Now with MDS / Zombieload being public and seeing a 8~10% performance hit in the affected workloads as a result of the new mitigations to these Microarchitectural Data Sampling vulnerabilities, what’s the overall performance look like now if going back to the days of AMD FX Vishera and Intel Sandybridge/Ivybridge processors? If Spectre, Meltdown, L1TF/Foreshadow, and now Zombieload had come to light years ago would it have shaken that pivotal point in the industry? Here are benchmarks looking at the the performance today with and without the mitigations to the known CPU vulnerabilities to date.

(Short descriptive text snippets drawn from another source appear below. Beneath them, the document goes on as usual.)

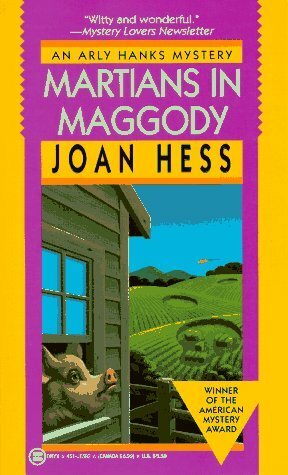 Martians in Maggody by Joan Hess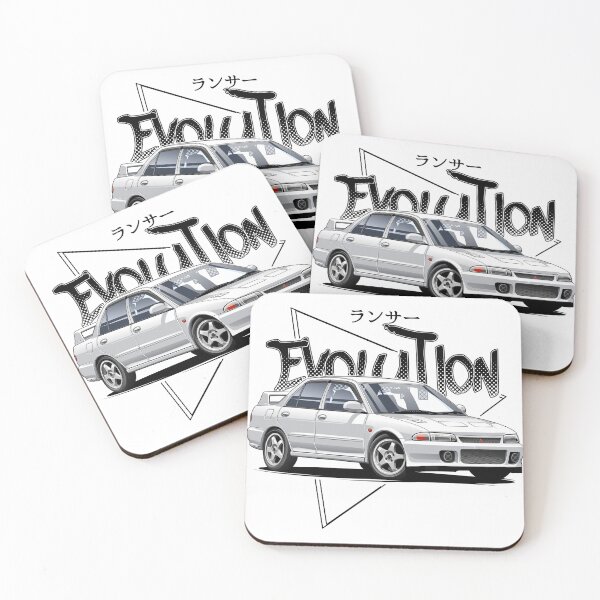 Item preview, Mitsubishi lancer evolution II designed and sold by Vectorx-id.
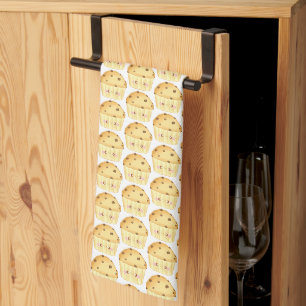 Schattigee Chocolade Chip Muffin Theedoek
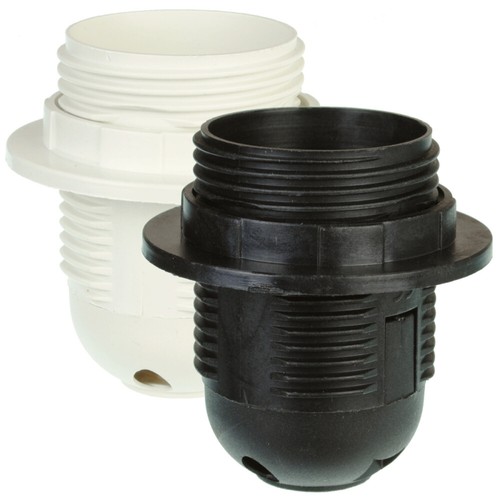 Pack kunststoff fassung e27 - kunststoff,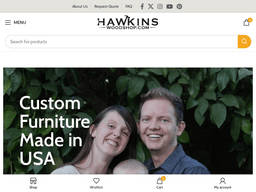 Hawkinswoodshop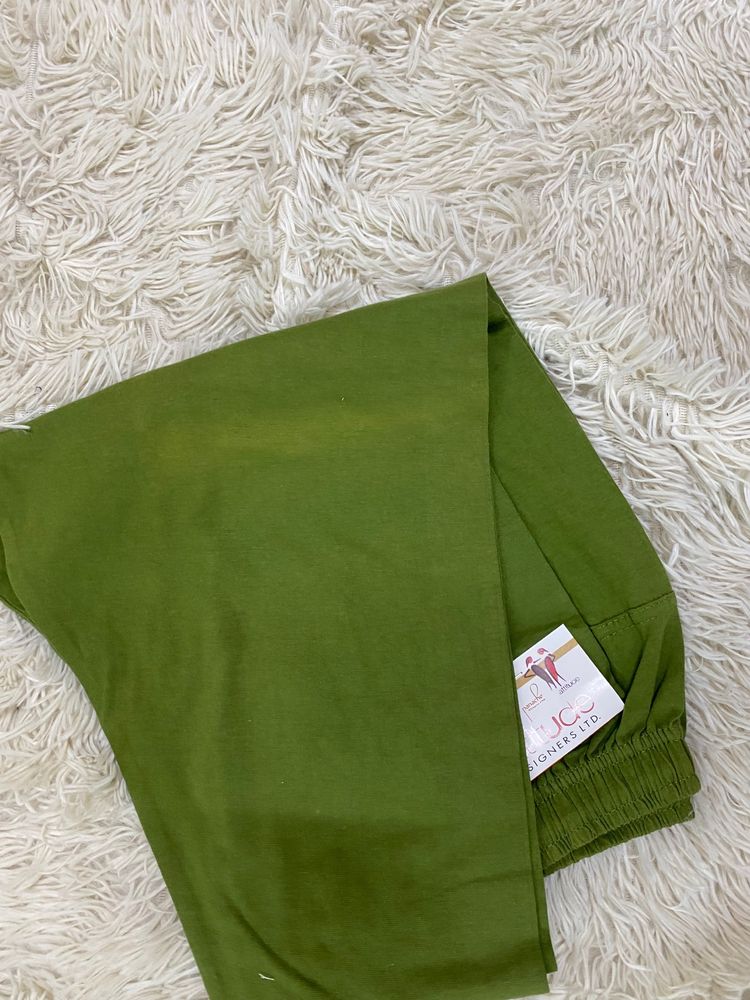 Olive Green Jogger Pants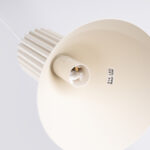Lampa wisząca ESTRIA 1 beżowa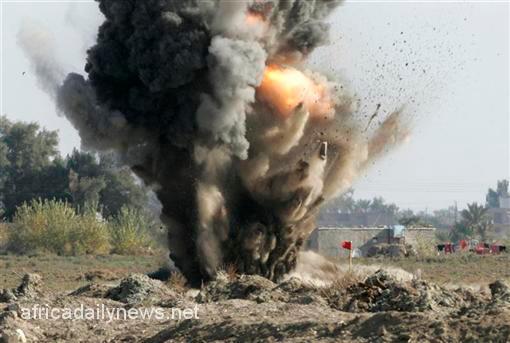 Landmine Explosion Kills Eleven In Syria
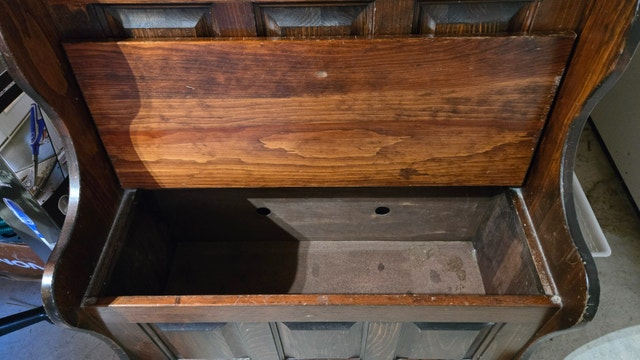 Shoe Storage bench - photo 3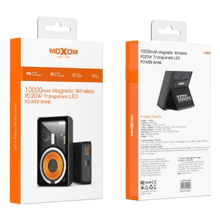 Moxom LX-PB805 MagSafe Power Bank 10,000mAh 20W - Best Prices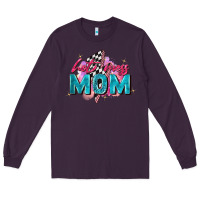 Plum hot mess mom Long Sleeve Tee - Zillion Design Studio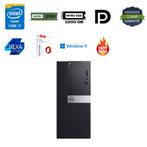 Dell optiplex 7060 i7-8700 4.6GHz 16GB 1000GB NVMe Office 24, ., Ophalen of Verzenden, Zo goed als nieuw, SSD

As I’ve already delivered many benchmarks of these mitigations (including MDS/Zombieload) on newer CPUs, for this article we’re looking at older AMD FX CPUs with their relevant Spectre mitigations against Intel Sandybridge and Ivybridge with the Spectre/Meltdown/L1TF/MDS mitigations. Tests were done on Ubuntu 19.04 with the Linux 5.0 kernel while toggling the mitigation levels of off (no coverage) / auto (the default / out-of-the-box mitigations used on all major Linux distributions for the default protections) / auto,nosmt (the more restricted level that also disables SMT / Hyper Threading). The AMD CPUs were tested with off/auto as in the “auto,nosmt” mode it doesn’t disable any SMT as it doesn’t deem it insecure on AMD platforms.
The processors used for testing were the:
– Intel Core i3 2120
– Intel Core i5 2500K
– Intel Core i7 2700K
– Intel Core i7 3700K
– AMD FX-8320E
– AMD FX-8370E
– AMD FX-8370
Based on what I had available in a still working state and not running into any other issues (like motherboard problems preventing the FX-9590 from being tested) as well as time constraints. All of the systems were running with their latest BIOS, 2 x 4GB DDR3 system memory, and SATA 3.0 SSD storage (primarily the Samsung SSD 850). The ASRock Z68 Pro3 was the primary Intel Sandy/Ivy test platform while on the AMD side was the MSI 970 GAMING.
Ubuntu 19.04 x86_64 with the Linux 5.0.0-15-generic kernel was at play with all available Disco Dingo stable release updates. Via the Phoronix Test Suite a wide range of benchmarks were carried out focused on looking at the impact of the CPU vulnerability mitigations for these aging Intel and AMD desktop platforms.